Updated on Feb 9, 2018
Hotlinking is a direct linking to another website's resource (mainly images) which uses the bandwidth of that website instead of the bandwidth of the website which links it. It is also known as bandwidth theft and is frown upon in the internet communities.
Hotlinking can be something as simple as using as an avatar or a signature, an image someone saw on another website, without actually downloading it and then uploading it to the forum/platform that they want to use. As the avatar and signature are viewable on all of that person's posts, even a small image has the potential to generate a lot of bandwidth depending on the number of people loading pages where those posts are present.
Hotlinking can also trigger unwanted aggression from the webmaster which bandwidth is being used as he can switch the image at any time. This can turn the favorite movie character of a person to pornography materials or another prohibited element that might get the offender into trouble after this "switcheroo". Furthermore, displaying images which are not owned by the one displaying them may be a violation of copyright, making him susceptible to legal actions.
In this tutorial, we will show you how to protect your content from Hotlinking so you don't have to worry about bandwidth being stolen from you.
Firstly, login to your cPanel account, go to Security → Hotlink Protection module or search for Hotlink in the search bar.
Now click on the Enable button to start the protection service.
By default, all of your other addon domains and subdomains will be included in the list of URLs that have access to your content. If you need to provide access to any additional websites or remove access just edit this list. *Make sure you have a backup of this list if you have edited it but want to temporarily disable hotlink protection. This is due to the list being reverted back to default once you re-enable the Hotlink Protection.

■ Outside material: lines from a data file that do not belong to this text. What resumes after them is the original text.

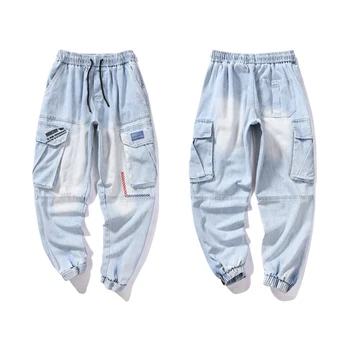 Mados Streetwear Vyrų Džinsus, Šviesiai Mėlyna Palaidi Tinka Multi Kišenės Atsitiktinis Krovinių Kelnės Dizaineris Hip-Hop Poilsiu Pločio Kojų Kelnės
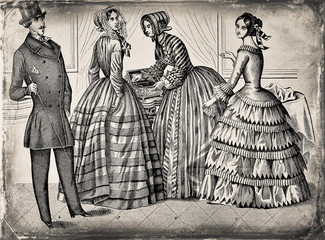 Dress fashion - Illustration from 1848, history, vintage, retro style,  18th Century Style, old,  - 255209159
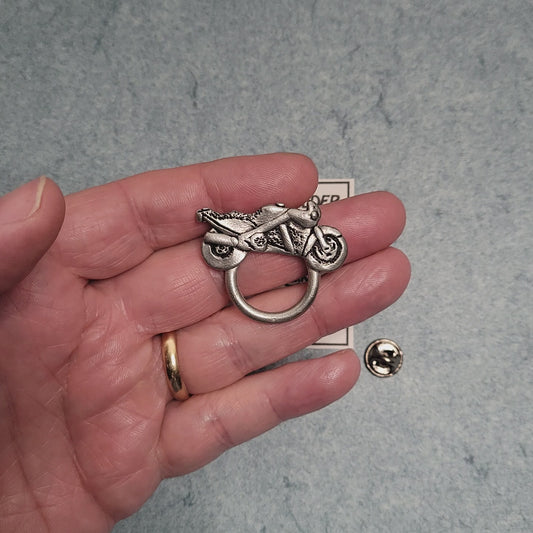 Handmade Pewter Eyeglass / ID Badge Holder Pin 'Motorcycle No.1' Gift Bag Included.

To change the list of file types which you wish to block, edit the list by separating the different extensions with a comma.

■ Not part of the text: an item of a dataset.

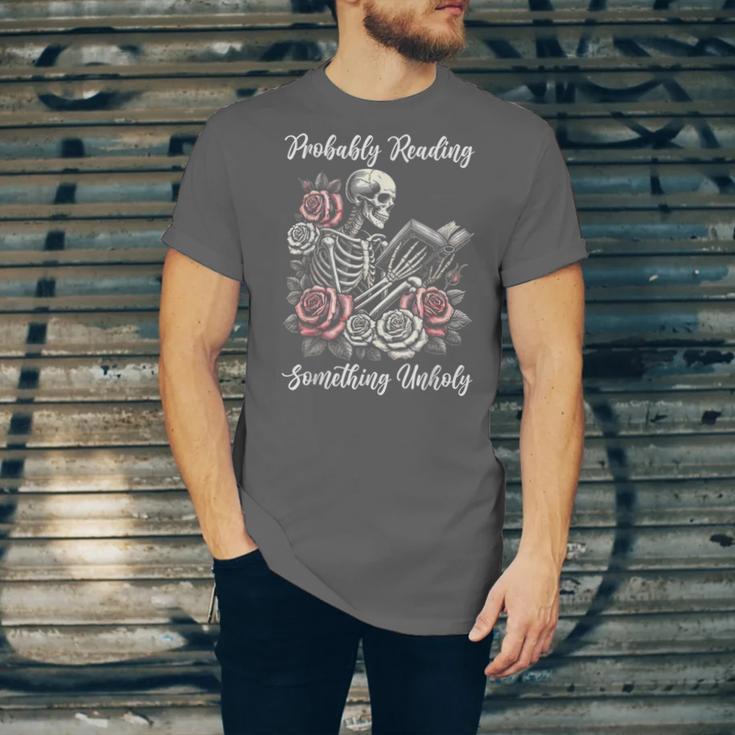 Probably Reading Something Unholy Book Lovers Unisex Jersey T-Shirt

You can also direct the requests for such files to another URL - let's say a warning page informing the user of what Hotlinking is and why its forbidden on your website.

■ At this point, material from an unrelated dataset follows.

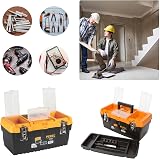PEREL 16-inch Toolbox OM16M Metal Latches Removable Tray Organizers view 3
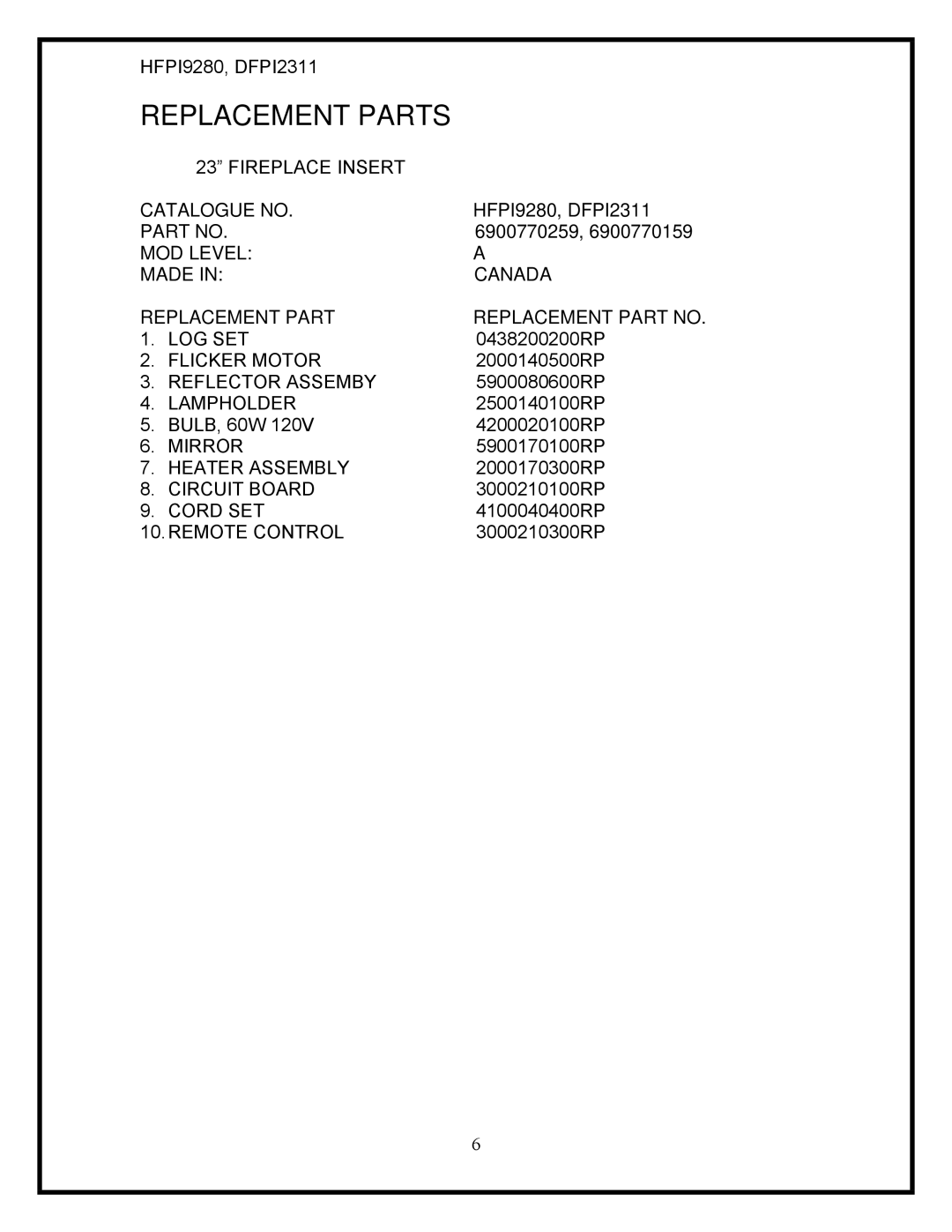 Dimplex Replacement Parts, Catalogue no, HFPI9280, DFPI2311, 6900770259, MOD Level Made Canada Replacement Part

Once you are done, click on the Submit button to apply all the changes.
You can also manually apply hotlink protection by editing your website's .htaccess file. As this is a more advanced way of setting up hotlink protection, we will not go into the details of how to find your .htaccess file. Just copy this code snippet at the top of your .htaccess:
RewriteEngine on RewriteCond %{HTTP_REFERER} !^$ RewriteCond %{HTTP_REFERER} !^http(s)?://(www\.)?yourdomain.com [NC] RewriteRule \.(jpg|jpeg|png|gif)$ - [NC,F,L]
You are now protected from Hotlinking - the most common form of bandwidth theft.